How to Stay Motivated Long Term
When we say we want to feel motivated to do something, we don’t want to be pushed or guilted into doing a task. We want to be so attracted and drawn to the idea that we can’t resist not taking action. That’s why it’s important to build a foundation that will set you up for consistency.
These are 5 techniques that will help you do just that:
1. Stay in your goldilocks zone
The goldilocks zone is when a task is the perfect level of difficulty—not too hard and not too easy. In this zone, we reach peak motivation and focus.
For example, let’s say you’re playing a serious tennis match against a 4-year-old. On this level of difficulty, you’ll quickly become bored and not want to play. Now let’s say you’re playing a serious tennis match against Serena Williams. On this level of difficulty, you’ll quickly become demotivated because the match is too challenging.
The Goldilocks zone is in the middle of that spectrum. You want to face someone with equal skill as you. That way you have a chance to win, but you have to focus and try for it. Adjusting your workload and goals over time to stay within your Goldilocks zone keeps you engaged and motivated long-term.
2. Pursue intrinsically motivated goals
Being intrinsically motivated to achieve a goal is when you want to achieve it for what it is. There are no external factors like a reward or the risk of being fired. The drive behind your actions is coming from within.
For most intrinsic goals we pursue them because they will enrich our lives or bring us closer to fulfillment. That makes these goals extremely sustainable long-term because they directly affect our quality of life and the things we care about.
3. Use “chunking”
Chunking is the technique of breaking down a goal into smaller short-term targets. By doing this you achieve multiple successes in your pursuit of the main goal. This triggers the brain’s reward system and drives you to keep going.
Traditionally, you may set a goal that you expect to achieve in one year. That’s a long time to commit without seeing any results along the way.
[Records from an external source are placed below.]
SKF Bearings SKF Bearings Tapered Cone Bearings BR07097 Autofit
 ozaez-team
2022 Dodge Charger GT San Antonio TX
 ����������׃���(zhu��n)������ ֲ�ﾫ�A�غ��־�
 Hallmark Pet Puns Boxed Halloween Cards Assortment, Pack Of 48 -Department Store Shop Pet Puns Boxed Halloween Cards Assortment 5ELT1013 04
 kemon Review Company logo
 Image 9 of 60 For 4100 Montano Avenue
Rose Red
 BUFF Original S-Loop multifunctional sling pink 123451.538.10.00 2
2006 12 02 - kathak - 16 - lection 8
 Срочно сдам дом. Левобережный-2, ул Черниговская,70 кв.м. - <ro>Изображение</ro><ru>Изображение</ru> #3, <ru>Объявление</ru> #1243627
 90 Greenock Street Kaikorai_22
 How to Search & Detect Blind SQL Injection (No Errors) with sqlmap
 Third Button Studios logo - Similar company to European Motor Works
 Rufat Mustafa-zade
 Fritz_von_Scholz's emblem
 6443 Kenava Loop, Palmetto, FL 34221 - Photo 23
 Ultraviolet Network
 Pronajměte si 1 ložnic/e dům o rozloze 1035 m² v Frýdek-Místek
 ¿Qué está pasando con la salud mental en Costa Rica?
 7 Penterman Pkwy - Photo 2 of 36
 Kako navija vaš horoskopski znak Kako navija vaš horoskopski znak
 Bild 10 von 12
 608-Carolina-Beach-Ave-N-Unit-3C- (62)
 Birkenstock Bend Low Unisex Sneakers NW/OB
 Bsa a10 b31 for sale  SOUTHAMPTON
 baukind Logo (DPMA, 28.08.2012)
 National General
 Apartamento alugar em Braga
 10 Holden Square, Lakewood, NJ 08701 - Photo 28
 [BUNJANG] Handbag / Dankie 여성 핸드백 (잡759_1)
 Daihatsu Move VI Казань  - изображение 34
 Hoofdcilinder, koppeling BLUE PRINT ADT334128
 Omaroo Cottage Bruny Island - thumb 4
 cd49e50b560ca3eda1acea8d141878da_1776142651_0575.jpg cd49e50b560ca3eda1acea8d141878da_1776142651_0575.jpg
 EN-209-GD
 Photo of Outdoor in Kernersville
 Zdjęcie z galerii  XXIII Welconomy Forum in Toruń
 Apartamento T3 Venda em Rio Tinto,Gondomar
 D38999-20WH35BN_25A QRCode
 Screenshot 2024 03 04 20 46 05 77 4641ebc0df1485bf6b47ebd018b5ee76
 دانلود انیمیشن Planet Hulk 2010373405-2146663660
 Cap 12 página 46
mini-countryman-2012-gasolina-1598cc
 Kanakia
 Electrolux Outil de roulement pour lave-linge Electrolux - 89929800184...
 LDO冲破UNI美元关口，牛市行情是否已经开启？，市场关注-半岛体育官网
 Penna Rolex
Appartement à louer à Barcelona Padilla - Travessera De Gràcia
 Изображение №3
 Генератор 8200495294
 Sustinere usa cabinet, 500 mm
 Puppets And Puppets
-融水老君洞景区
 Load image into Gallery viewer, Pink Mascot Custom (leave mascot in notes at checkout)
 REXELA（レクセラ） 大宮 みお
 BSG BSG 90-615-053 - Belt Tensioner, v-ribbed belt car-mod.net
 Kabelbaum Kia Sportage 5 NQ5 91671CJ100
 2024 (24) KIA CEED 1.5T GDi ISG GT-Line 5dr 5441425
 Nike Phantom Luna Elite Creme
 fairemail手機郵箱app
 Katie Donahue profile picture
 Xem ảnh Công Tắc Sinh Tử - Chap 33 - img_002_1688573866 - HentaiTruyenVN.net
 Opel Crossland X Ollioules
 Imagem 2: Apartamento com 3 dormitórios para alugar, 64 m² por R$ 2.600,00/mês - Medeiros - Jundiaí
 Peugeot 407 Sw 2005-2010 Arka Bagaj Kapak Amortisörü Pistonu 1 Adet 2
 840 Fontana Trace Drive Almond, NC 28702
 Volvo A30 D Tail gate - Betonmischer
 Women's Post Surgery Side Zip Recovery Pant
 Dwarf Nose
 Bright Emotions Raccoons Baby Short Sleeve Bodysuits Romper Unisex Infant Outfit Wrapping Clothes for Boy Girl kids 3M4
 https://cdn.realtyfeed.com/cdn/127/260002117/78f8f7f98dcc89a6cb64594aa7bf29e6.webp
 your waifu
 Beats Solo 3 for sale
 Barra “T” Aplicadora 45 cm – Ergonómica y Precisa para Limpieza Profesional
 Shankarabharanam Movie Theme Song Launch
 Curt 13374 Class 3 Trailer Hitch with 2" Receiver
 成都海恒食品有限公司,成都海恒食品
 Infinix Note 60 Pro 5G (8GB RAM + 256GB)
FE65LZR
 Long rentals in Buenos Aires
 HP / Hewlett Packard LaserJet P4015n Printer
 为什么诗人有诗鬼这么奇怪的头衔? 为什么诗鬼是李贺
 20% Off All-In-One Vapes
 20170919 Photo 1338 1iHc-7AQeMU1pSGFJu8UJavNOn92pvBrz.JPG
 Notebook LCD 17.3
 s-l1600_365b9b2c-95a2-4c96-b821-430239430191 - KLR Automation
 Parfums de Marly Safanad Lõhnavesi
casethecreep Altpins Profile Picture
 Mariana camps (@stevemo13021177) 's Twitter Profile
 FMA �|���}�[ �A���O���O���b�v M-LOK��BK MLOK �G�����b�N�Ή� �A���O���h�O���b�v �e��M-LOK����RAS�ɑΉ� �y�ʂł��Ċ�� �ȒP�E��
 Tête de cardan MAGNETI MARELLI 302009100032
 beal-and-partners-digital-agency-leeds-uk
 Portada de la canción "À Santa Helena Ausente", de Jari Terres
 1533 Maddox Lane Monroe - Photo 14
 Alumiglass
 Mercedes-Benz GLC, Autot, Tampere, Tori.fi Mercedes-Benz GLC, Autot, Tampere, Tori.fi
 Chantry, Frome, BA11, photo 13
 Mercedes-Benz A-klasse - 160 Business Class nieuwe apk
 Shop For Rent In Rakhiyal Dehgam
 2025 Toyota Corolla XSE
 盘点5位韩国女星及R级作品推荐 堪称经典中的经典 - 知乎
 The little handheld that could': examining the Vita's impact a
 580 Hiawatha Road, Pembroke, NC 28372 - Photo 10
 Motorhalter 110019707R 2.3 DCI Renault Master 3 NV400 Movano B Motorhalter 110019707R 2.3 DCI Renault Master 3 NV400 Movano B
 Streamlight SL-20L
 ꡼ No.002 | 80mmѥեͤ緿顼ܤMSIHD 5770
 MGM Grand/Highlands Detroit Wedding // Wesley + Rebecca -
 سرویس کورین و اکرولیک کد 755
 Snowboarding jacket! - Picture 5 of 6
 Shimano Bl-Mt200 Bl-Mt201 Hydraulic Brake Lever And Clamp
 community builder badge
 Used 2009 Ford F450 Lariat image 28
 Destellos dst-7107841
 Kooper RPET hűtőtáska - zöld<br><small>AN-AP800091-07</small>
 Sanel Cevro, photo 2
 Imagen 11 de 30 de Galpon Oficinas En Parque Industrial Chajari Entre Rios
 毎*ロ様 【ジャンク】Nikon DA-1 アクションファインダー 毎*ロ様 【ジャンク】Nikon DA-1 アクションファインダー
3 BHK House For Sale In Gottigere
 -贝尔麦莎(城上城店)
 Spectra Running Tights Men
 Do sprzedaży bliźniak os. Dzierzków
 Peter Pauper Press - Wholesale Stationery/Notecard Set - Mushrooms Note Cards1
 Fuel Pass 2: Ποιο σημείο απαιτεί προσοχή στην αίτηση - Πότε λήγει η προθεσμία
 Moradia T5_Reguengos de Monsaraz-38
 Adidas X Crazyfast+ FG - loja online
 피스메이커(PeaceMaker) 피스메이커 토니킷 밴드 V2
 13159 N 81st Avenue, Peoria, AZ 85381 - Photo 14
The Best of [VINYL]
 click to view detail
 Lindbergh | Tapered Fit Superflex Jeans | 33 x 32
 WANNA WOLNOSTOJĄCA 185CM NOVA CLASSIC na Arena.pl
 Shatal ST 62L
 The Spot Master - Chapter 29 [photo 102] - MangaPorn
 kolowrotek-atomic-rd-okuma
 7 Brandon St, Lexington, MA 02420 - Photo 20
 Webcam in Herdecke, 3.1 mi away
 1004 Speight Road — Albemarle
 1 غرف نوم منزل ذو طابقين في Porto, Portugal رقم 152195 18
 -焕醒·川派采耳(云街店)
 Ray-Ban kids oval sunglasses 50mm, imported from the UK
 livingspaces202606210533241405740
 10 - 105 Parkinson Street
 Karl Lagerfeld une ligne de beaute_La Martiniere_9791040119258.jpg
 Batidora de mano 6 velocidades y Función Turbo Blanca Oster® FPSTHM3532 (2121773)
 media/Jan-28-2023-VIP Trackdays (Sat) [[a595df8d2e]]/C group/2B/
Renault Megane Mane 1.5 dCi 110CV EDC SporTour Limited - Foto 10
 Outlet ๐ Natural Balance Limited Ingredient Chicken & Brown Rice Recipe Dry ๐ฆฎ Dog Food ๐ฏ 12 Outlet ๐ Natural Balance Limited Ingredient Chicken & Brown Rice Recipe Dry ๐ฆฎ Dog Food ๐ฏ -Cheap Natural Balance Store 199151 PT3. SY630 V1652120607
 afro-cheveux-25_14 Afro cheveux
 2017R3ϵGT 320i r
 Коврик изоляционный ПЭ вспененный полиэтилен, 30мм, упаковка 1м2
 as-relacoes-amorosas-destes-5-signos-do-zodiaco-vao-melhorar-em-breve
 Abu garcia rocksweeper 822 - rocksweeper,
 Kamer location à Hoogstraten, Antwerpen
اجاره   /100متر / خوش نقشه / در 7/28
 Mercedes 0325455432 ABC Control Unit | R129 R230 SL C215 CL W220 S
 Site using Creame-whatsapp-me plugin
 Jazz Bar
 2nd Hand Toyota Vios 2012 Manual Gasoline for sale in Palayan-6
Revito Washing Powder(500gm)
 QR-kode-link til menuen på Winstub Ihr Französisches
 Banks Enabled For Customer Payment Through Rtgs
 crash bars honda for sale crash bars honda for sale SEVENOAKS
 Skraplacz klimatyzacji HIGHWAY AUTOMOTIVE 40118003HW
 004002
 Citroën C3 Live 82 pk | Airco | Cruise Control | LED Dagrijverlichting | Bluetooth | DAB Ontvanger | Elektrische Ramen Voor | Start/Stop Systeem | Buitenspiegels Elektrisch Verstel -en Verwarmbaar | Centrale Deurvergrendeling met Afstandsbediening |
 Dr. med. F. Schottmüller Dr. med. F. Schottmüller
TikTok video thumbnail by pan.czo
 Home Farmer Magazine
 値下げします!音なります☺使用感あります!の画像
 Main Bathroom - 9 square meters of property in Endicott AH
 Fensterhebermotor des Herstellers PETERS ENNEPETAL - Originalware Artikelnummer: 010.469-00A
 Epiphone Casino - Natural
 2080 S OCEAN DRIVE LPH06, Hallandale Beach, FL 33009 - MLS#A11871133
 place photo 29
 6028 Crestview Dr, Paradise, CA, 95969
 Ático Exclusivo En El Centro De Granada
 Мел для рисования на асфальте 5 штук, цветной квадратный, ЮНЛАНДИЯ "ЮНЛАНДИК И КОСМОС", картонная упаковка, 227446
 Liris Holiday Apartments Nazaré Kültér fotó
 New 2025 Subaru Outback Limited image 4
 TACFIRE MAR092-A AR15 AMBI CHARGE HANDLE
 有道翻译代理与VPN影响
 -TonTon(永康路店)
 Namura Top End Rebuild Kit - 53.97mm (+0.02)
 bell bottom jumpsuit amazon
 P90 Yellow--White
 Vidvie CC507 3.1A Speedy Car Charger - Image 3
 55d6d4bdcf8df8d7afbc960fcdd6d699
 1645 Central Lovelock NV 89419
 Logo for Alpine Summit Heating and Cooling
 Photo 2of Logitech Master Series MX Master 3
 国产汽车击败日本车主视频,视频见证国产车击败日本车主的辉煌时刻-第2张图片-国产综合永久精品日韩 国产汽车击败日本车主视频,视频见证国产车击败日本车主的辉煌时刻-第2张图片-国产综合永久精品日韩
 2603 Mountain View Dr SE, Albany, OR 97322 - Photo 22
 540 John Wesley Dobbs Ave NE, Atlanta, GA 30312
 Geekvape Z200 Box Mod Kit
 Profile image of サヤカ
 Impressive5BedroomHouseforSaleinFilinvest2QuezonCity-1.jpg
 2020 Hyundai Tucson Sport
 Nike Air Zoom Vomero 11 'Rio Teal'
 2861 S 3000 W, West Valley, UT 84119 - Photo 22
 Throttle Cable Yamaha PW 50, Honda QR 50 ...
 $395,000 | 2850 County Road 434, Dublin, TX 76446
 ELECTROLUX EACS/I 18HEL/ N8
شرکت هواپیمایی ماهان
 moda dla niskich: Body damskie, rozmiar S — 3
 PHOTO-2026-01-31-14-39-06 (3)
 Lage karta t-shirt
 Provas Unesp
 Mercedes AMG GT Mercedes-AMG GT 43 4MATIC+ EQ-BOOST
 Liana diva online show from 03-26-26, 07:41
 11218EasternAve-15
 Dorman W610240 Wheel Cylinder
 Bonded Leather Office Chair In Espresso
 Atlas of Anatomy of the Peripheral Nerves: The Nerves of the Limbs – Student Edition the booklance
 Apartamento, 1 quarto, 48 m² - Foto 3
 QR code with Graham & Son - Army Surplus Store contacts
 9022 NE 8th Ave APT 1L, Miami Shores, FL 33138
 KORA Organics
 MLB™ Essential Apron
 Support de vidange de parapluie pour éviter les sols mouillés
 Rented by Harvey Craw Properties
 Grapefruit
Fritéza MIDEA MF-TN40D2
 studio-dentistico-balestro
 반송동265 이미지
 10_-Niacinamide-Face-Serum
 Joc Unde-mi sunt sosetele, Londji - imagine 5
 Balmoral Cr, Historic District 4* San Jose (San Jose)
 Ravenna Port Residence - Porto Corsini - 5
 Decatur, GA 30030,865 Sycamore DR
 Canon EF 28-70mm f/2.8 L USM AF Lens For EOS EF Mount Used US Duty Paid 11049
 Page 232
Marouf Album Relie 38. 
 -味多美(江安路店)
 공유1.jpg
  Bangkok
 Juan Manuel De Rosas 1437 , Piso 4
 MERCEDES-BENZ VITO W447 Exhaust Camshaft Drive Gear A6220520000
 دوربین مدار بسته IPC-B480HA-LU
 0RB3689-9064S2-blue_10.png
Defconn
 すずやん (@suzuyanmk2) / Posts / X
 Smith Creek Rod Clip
By chunking your goals into monthly or quarterly targets, you get the consistent positive reinforcement you need to stay motivated long-term.
For example, instead of trying to lose 50 pounds in one year, try to lose 4 pounds every month for 12 months.
4. Be flexible
We’re all victims of circumstance. Things happen along our journey that we can either adjust to or quit because of. That’s why it’s important to have leeway and flexibility when you’re pursuing a goal. If you expect everything to go perfectly, the inevitable failure can make you disengaged and desireless. When you plan for things to go wrong, you make sure you can keep up for the long haul.
5. Pursue your goals in a sustainable fashion
Don’t lose hope when you’re not an overnight success. Overnight successes are the 1%—for the most part, they don’t exist. What we see as an “overnight success” is actually countless hours of work behind the scenes finally hitting a tipping point. Pursuing goals is a story of patience, persistence, and unseen effort.
Don’t compare yourself to others. Comparison is a recipe for a drop in self-confidence and satisfaction. It also cultivates a mindset where you think you haven’t done enough. As a result, you may raise your expectations and put more pressure on yourself.
This is pointless because things worth achieving take time. So we obviously won’t compare to the things around us when starting.
Mastering motivation is a superpower. With that ability at your fingertips, you can accomplish your goals and shape a life you want to live in.